The practices of cherem were judged and rejected when the prophets began to reject the holocaust tradition. Or, rather, when the prophets began to radically reinterpret the burnt offering tradition. A reinterpretation that culminates in Jesus. God wants a holocaust of the heart. That is the burnt offering that God desires. That is the holocaust that God will bring upon us.
And besides, except when annis deny a general resurrection (which most don’t deny of course), even the Cherems couldn’t be annihilation in the sense required; so if they point to anything typologically they point to life beyond annihilation.
i.e. physical bodies (and soulish minds) annihilated but eventually resurrected == spirits annihilated but eventually resurrected.
Having been raised in an annihilation tradition (SDA) this hurts… Hurts because it is so right/spot on…

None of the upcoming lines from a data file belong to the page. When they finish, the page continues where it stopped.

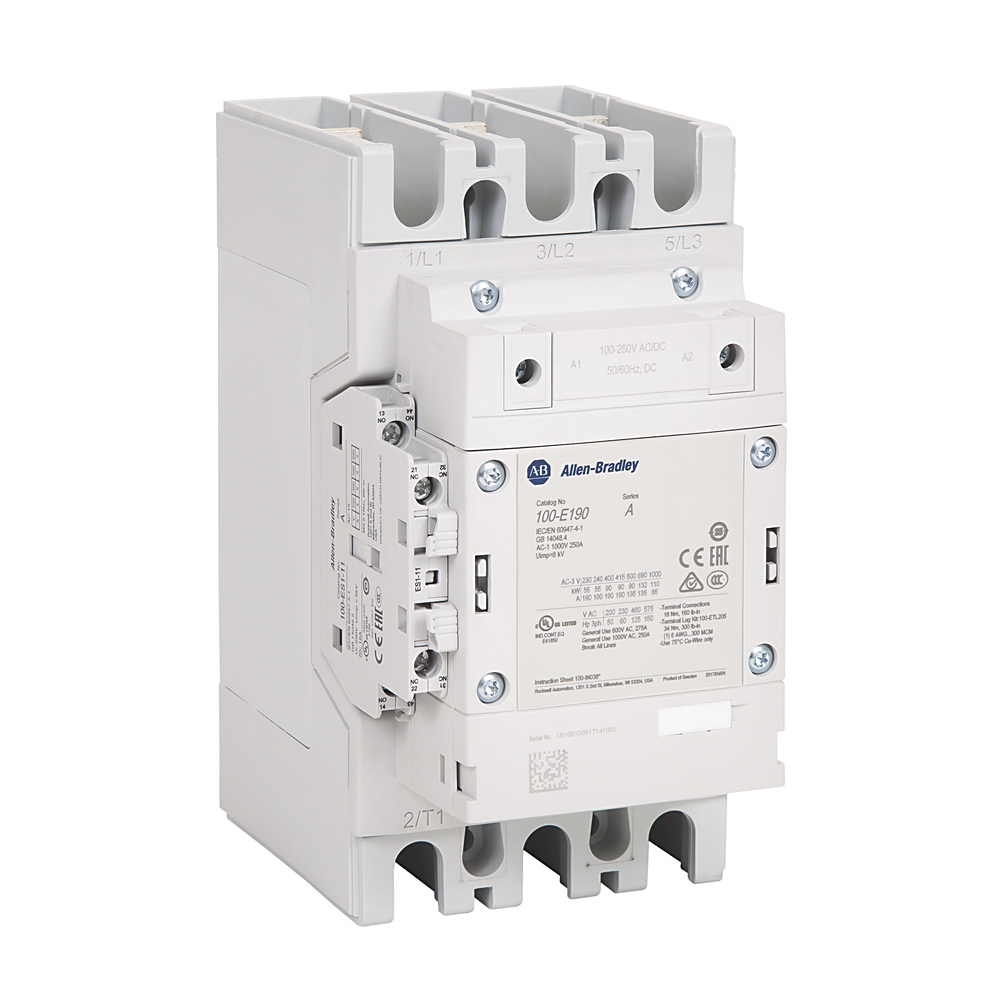 Allen Bradley 100-E Contactor, 100/250 V dc Coil, 3-Pole, 190 A, 90 kW 250 V, 1 NO/1 NC, 400V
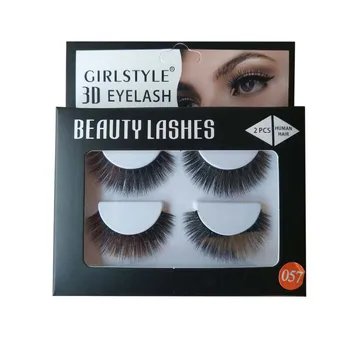 

New Style False Eyelashes 3D False Eyelashes Densely Cross 2-Pairs Mink False Eyelashes 0.07 Size Slender Makeup Extension Tools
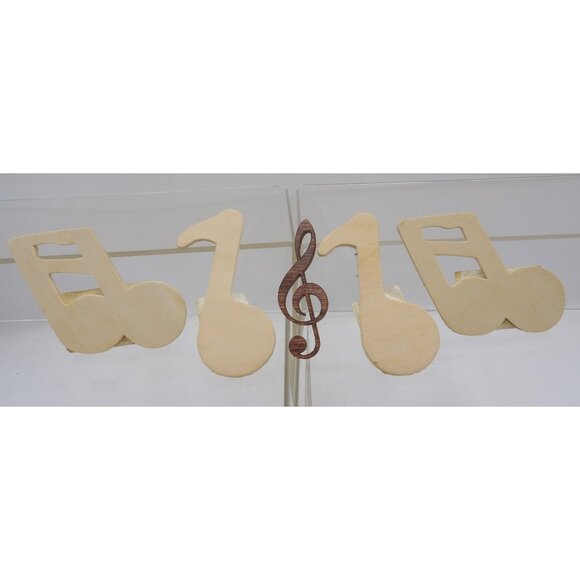 Set Of 4 Large & 10 Small Wood Music Note & Treble Clef Cutouts - Picture 2 of 5
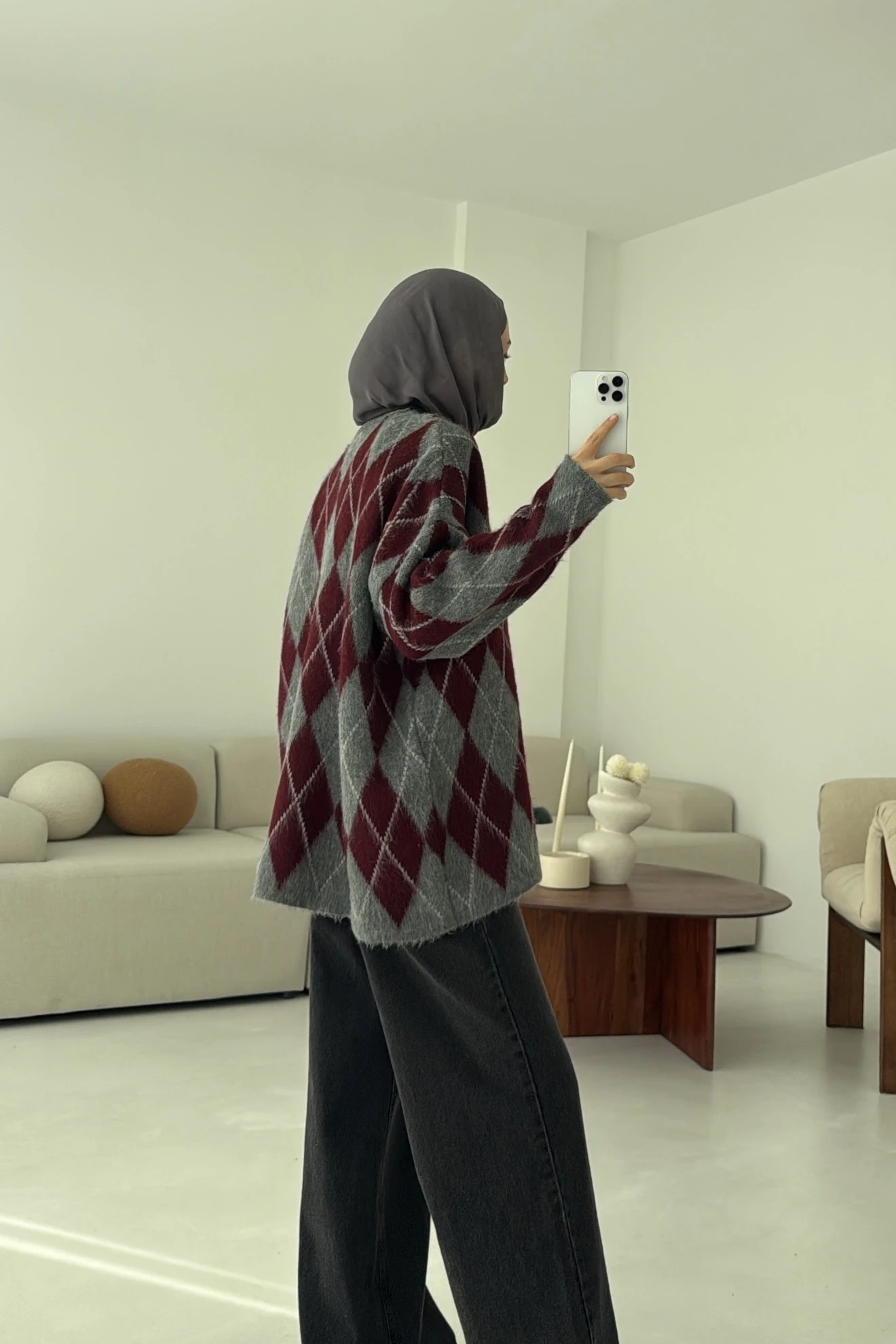 Premium Desenli Kalın Kazak Gri/Bordo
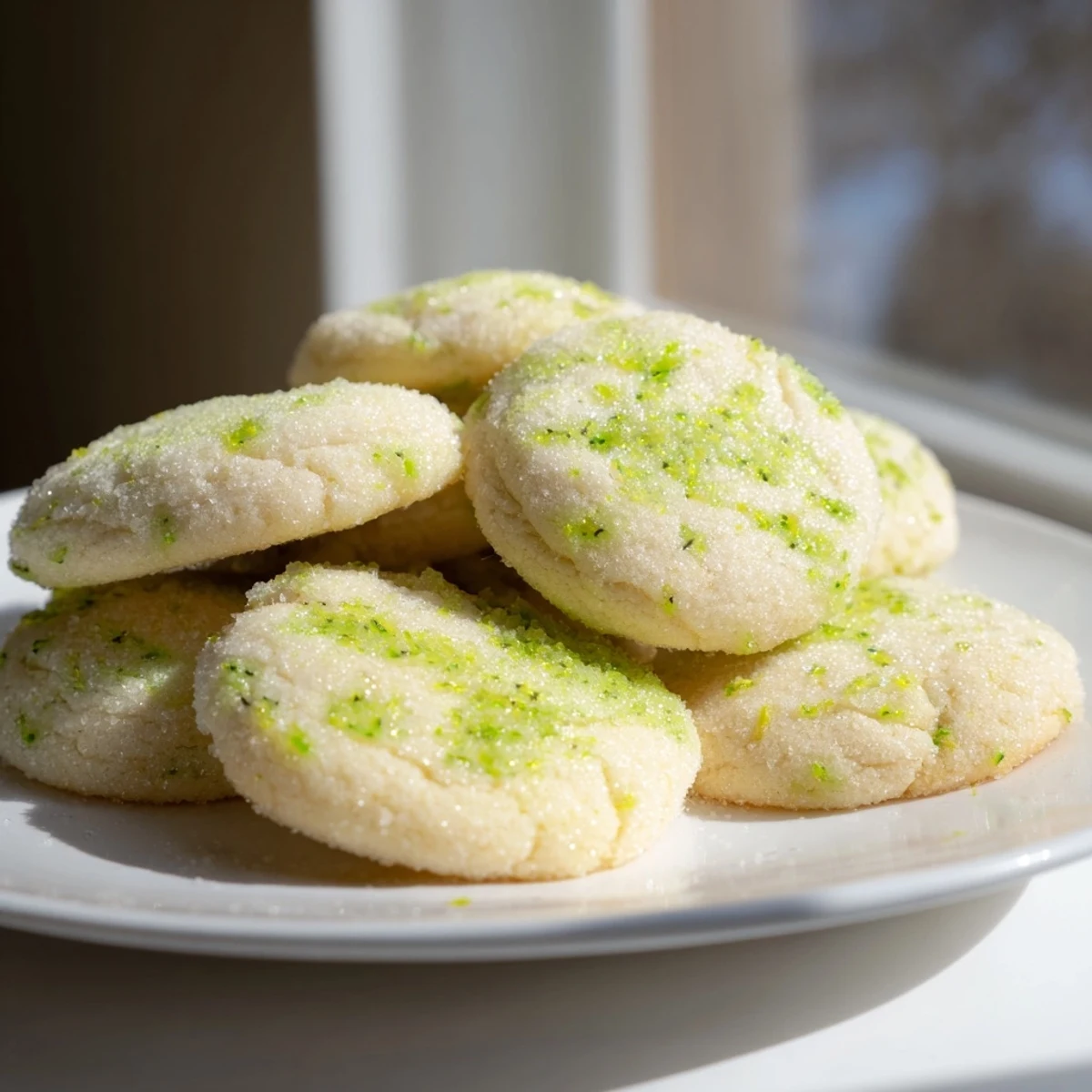 Soft vegan kiwi lime sugar cookies with green fruit specks and sugar coating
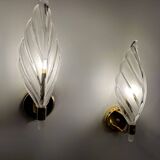 Italian design glass leaf wall lights from the 80s (X2)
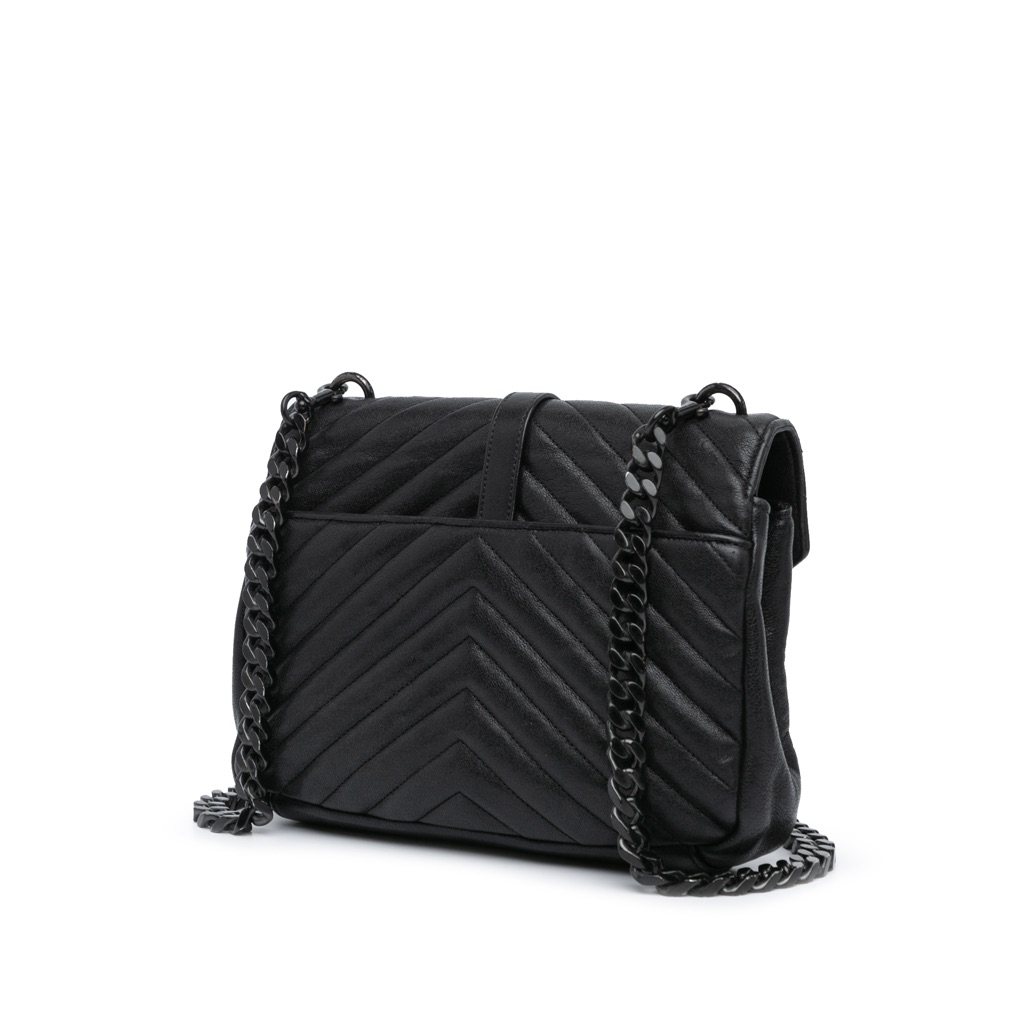 Saint Laurent Medium Quilted Chevron Sheepskin College Satchel - 2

For a long time, as I was transitioning to Universalism from annihilationism, I was haunted by the story of Daniel and those very brave three friends of his. And even in my own tradition, they’ve seen this behavior of king Nebuchadnezzar as a model of “worship me – or I’ll burn you into oblivion.” Of course our God is nothing like king Neb!
Except… When push comes to shove (what is the origin of that phrase anyway?) that’s exactly what this view has God doing! But of course, it’s because we gave Him no other option. He could do no more. He must “let go” those who refuse to respond… And further, He has to have some way to dispose of the bodies it would seem.
So Richard, you are quite right it seems to me.
There is, of course, a way to embrace all the fire and destruction and punishment and destroy texts without eliminating the person absorbing this onslaught… And we know this intuitively don’t we? We say God loves the sinner, but not the sin. (Though even that phrase is not Universally loved)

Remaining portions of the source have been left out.